Write out again, word for word, the lines below from the line that holds "Hemiergis talbingoensis (Eastern" through the line that holds "Rinconcito Verde", omitting pictures.

(Beginning of Provided records)

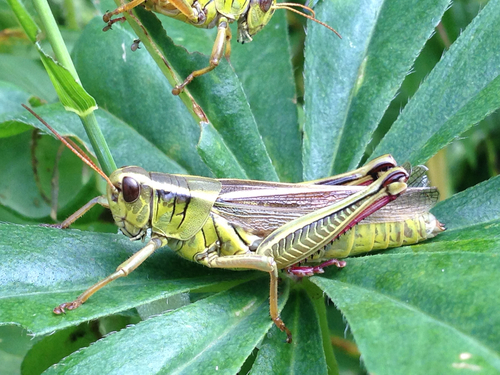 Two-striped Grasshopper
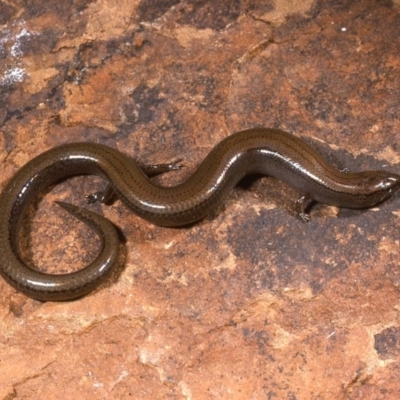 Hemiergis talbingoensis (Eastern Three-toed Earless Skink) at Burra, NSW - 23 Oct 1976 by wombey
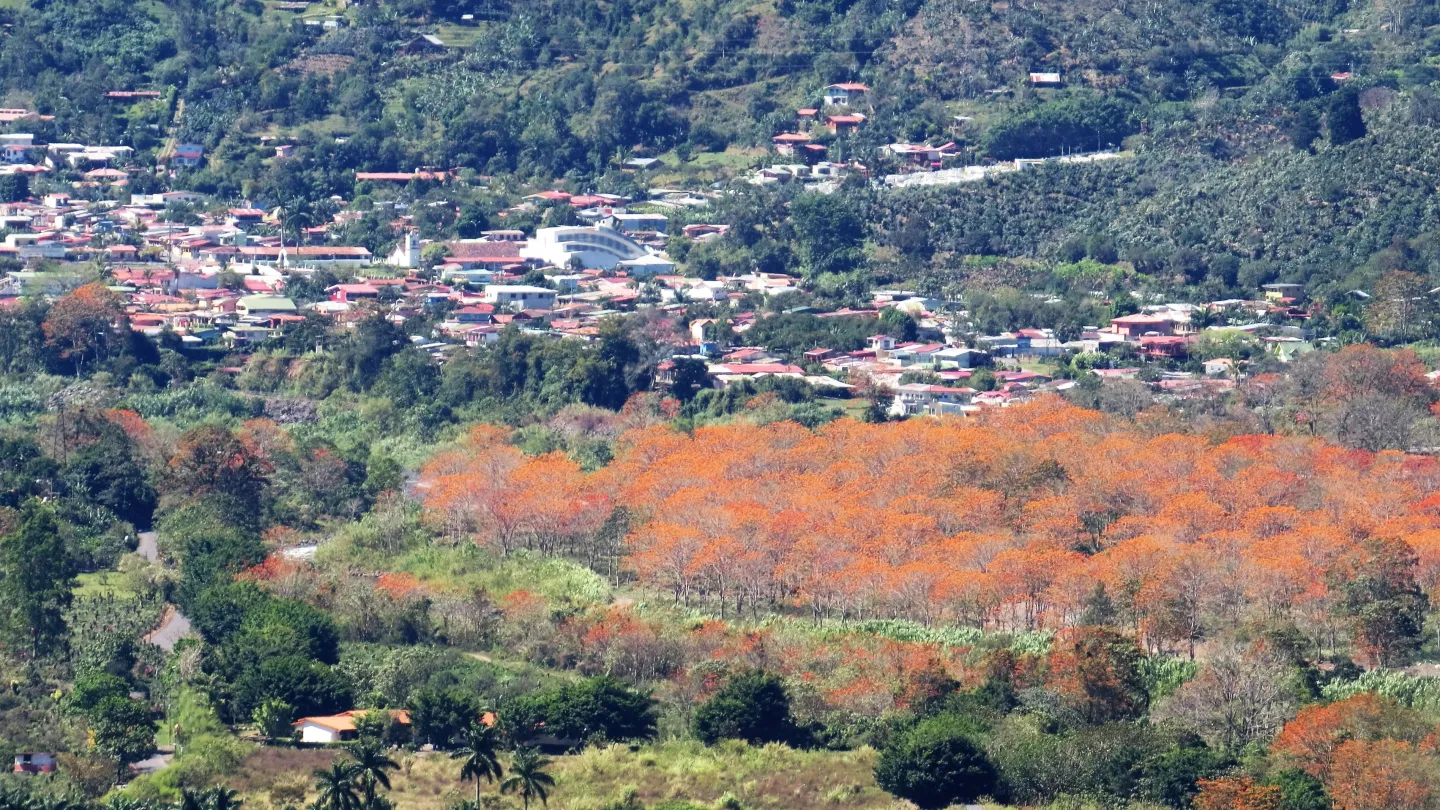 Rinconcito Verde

(End of Provided records)
(Beginning of Provided records)

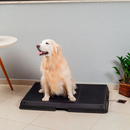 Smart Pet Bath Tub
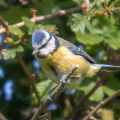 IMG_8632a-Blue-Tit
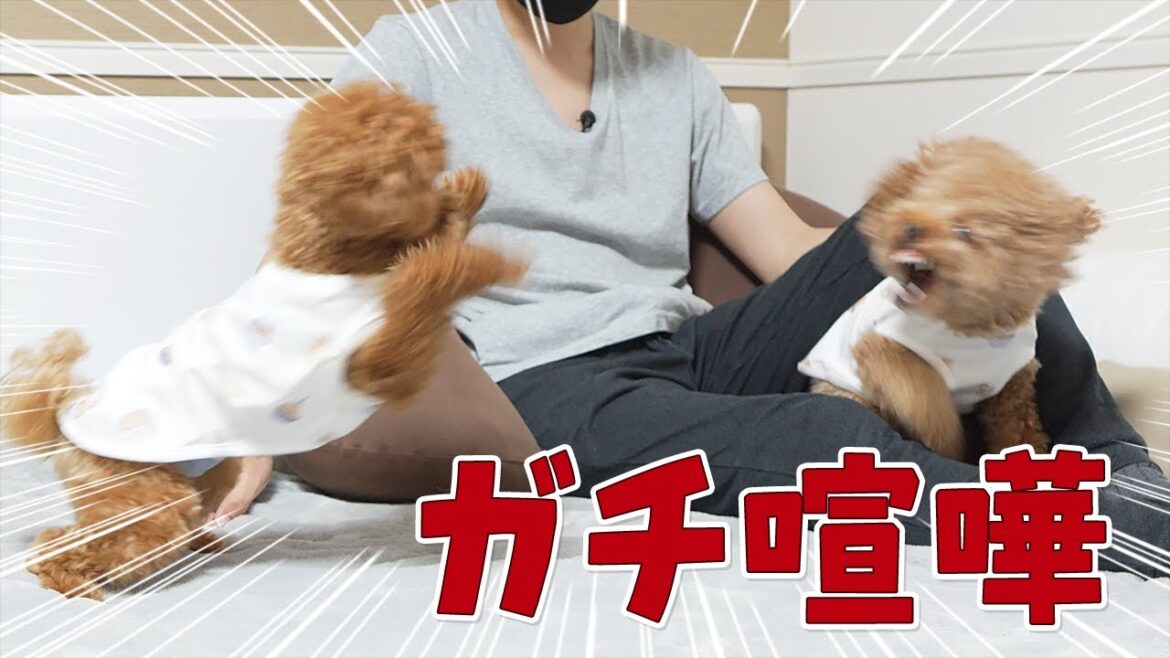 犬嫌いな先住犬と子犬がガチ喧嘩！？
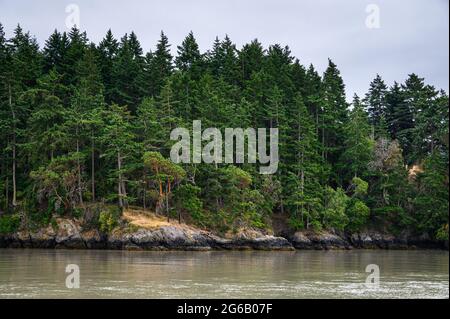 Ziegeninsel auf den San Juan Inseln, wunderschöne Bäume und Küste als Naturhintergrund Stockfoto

(End of Provided records)
(Beginning of Provided records)

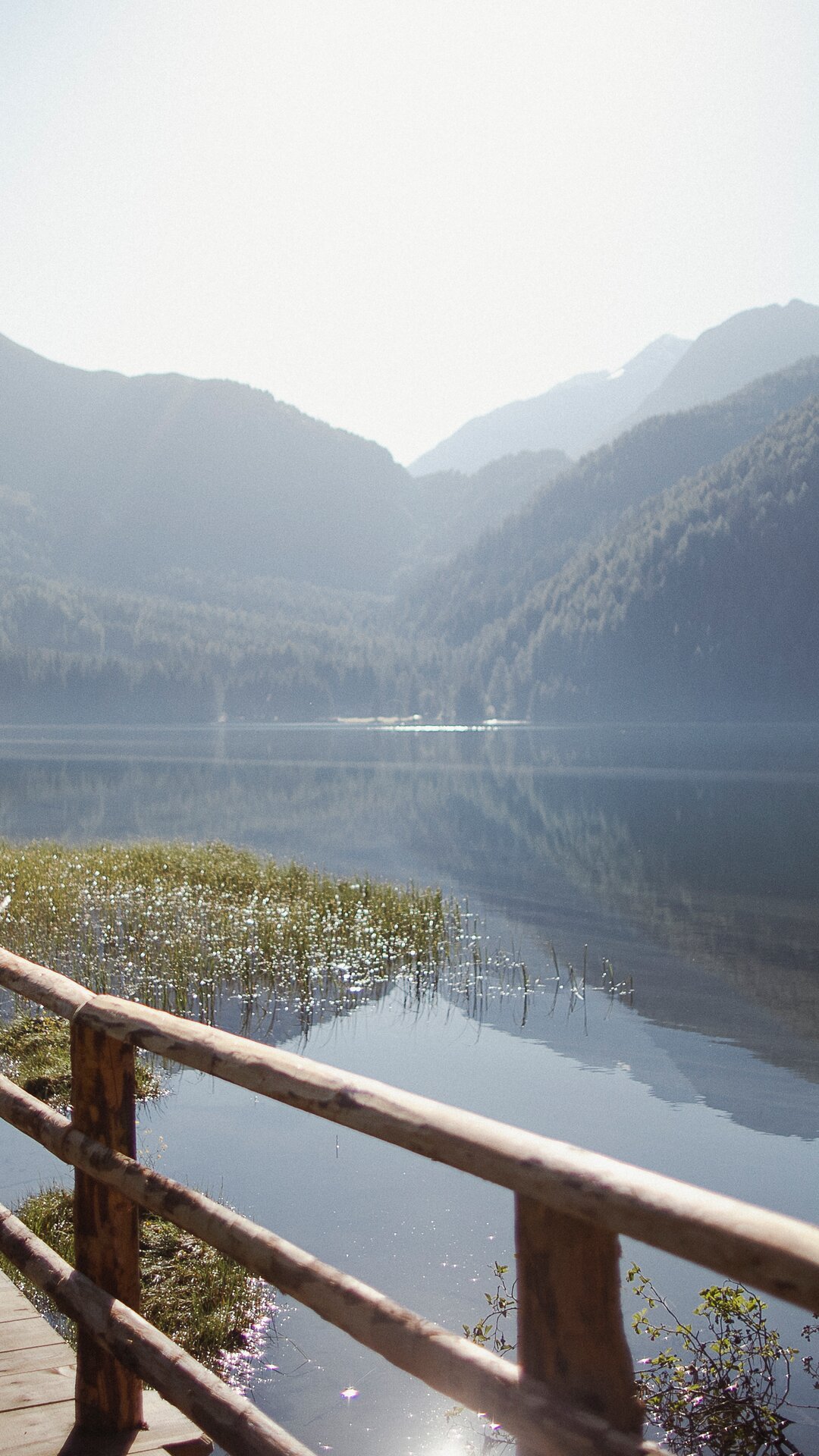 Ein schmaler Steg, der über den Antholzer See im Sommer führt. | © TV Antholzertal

(End of Provided records)

(Answer box)
 Hemiergis talbingoensis (Eastern Three-toed Earless Skink) at Burra, NSW - 23 Oct 1976 by wombey
 Rinconcito Verde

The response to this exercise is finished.